**ASSIGNMENT**:
Output the listing below verbatim, without images.

**RECORDED DATA**:
########################################

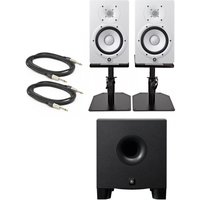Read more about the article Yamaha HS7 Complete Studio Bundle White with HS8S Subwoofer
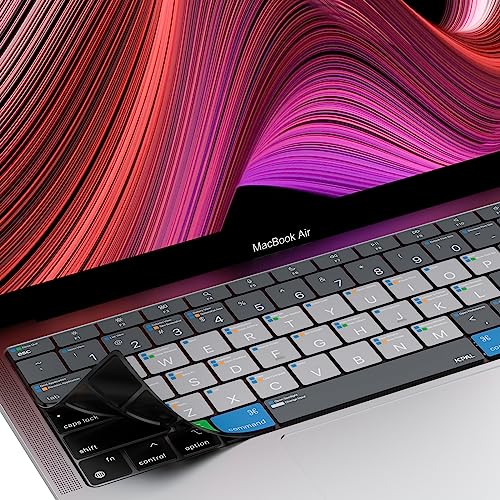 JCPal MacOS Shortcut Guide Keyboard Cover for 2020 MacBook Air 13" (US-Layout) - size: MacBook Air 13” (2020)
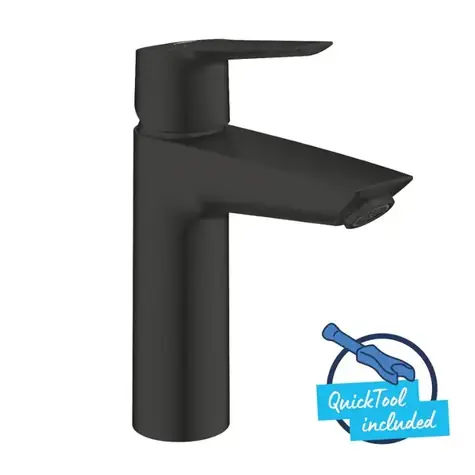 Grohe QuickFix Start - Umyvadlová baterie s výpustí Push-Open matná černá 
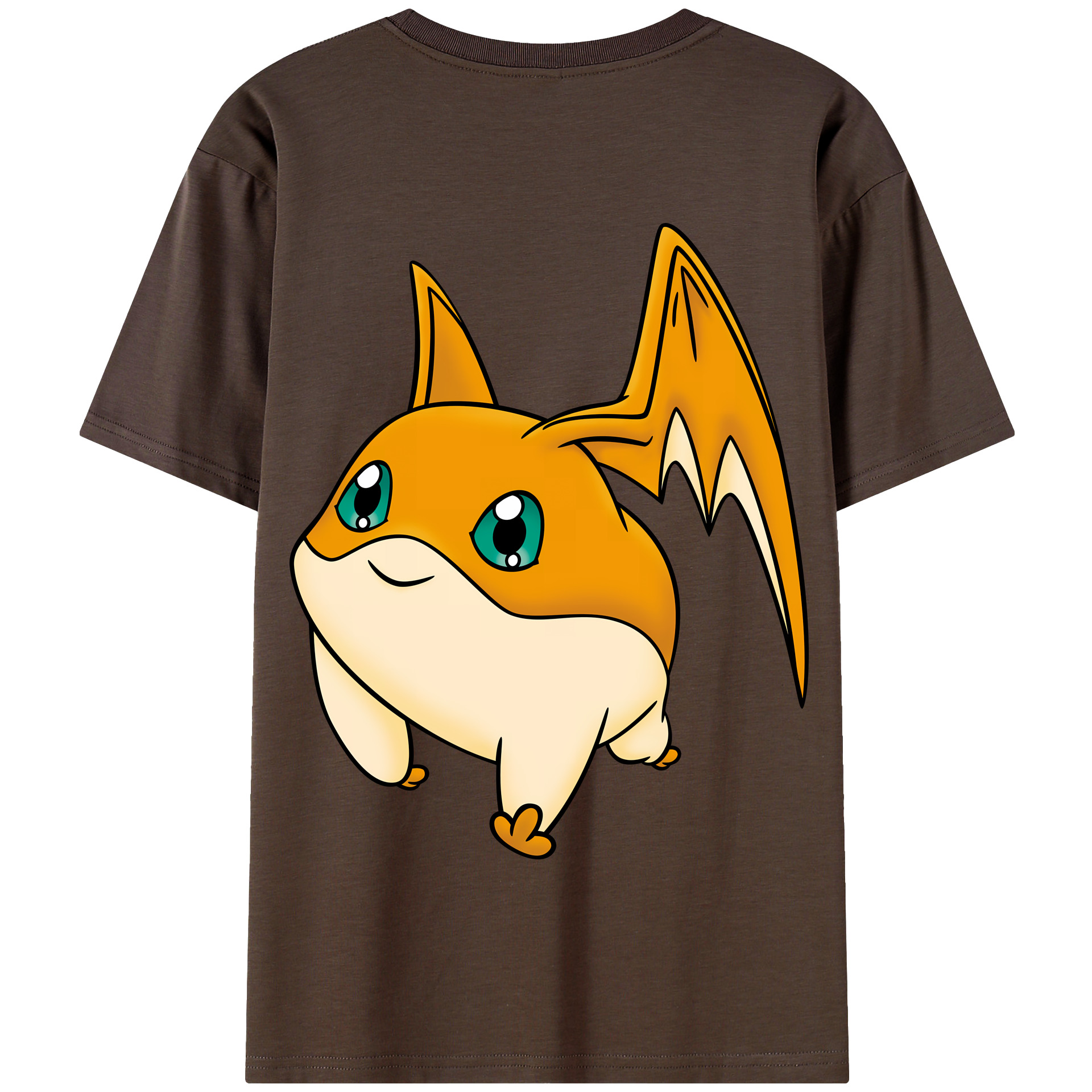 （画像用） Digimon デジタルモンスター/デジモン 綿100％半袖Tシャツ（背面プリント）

########################################

**RESPONSE TO THE EXERCISE**:
Read more about the article Yamaha HS7 Complete Studio Bundle White with HS8S Subwoofer
 JCPal MacOS Shortcut Guide Keyboard Cover for 2020 MacBook Air 13" (US-Layout) - size: MacBook Air 13” (2020)
 Grohe QuickFix Start - Umyvadlová baterie s výpustí Push-Open matná černá 
 （画像用） Digimon デジタルモンスター/デジモン 綿100％半袖Tシャツ（背面プリント）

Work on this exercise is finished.